I started this post in 2017; it is now 2018. This trip to Morocco has been a great way to end a great year, and I have many things to look forward to at the start of 2018. Next up, we will be heading to Rabat where I will get to meet some of the students on the currently NSLI-Y Arabic Academic Year program! After that, I will be off to Washington for the NSLI-Y Alumni Representative Workshop. I am looking forward to my upcoming adventures and Inshallah- or, as they say in Morocco- Inchallah, I will be writing about them soon.
Addendum, ONLY FOR LANGUAGE NERDS: Here are two more linguistic observations that I noted down about Arabic in Morocco. I have tried to write them in a manner that is somewhat interesting to the general public, but I feel that they warrant a warning nonetheless. 😀
Transliteration of Arabic is different here! The prevalence of French means that transliteration has also been affected. For example, in Jordan and many other Arabic-speaking nations, the name هاشم would be written as “Hashem”, abiding to English rules. However, in Morocco, the same name is written as “Hachem”. The effect of French on Arabic transliteration is also seen with the letter ع (ain). While it is generally expressed as “3a” in transliteration, I have seen many road signs that write the letter as “aâ”. Thus, the word “3adi”, meaning “normal”, could be written as “aâdi”.
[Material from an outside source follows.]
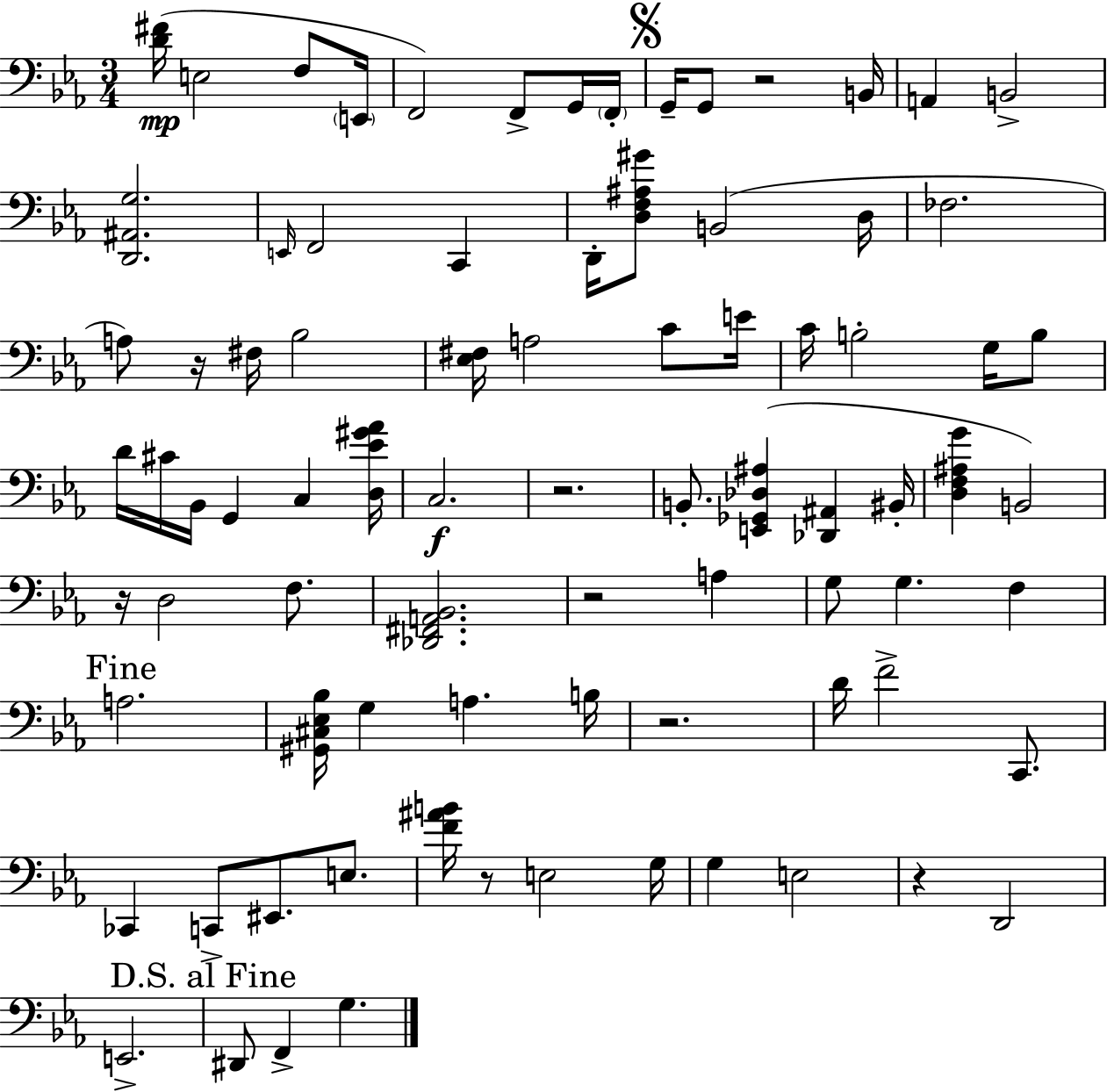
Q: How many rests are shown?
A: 8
The letter “g” is written differently when in Arabic! This sounds petty, but I actually find it quite interesting. For the aspiring linguist, road signs are literature. Driving through the city, I always have my eyes peeled for signs on shops and streets, and I have noticed some interesting differences in the script. The Arabic script lacks the letter “g”. Thus, when expressing the “g” sound, often in loanwords, different regions stylize the letter in different ways. For example, in Jordan (and in the other parts of the Levant), “g” is often written with the letter “ق”, which actually makes a “q” sound. This is because in Jordan, males pronounce this letter as a “g”. (I could write an entire blogpost about the pronunciation of “ق”, but I’ll leave it at that for now.) In the Masri dialect of Egypt, the letter “ج”, which produces a “j” sound in most registers of the Arabic language, is used as a “g” instead. I have noticed something different in Morocco. Instead of using a pre-existing letter to produce the “g” sound, they have their own letter for it. It is written as the letter “ك” (kaaf) with three dots on it, similar to the “gaaf” in other languages with the Perso-Arabic script, such as Persian and Urdu.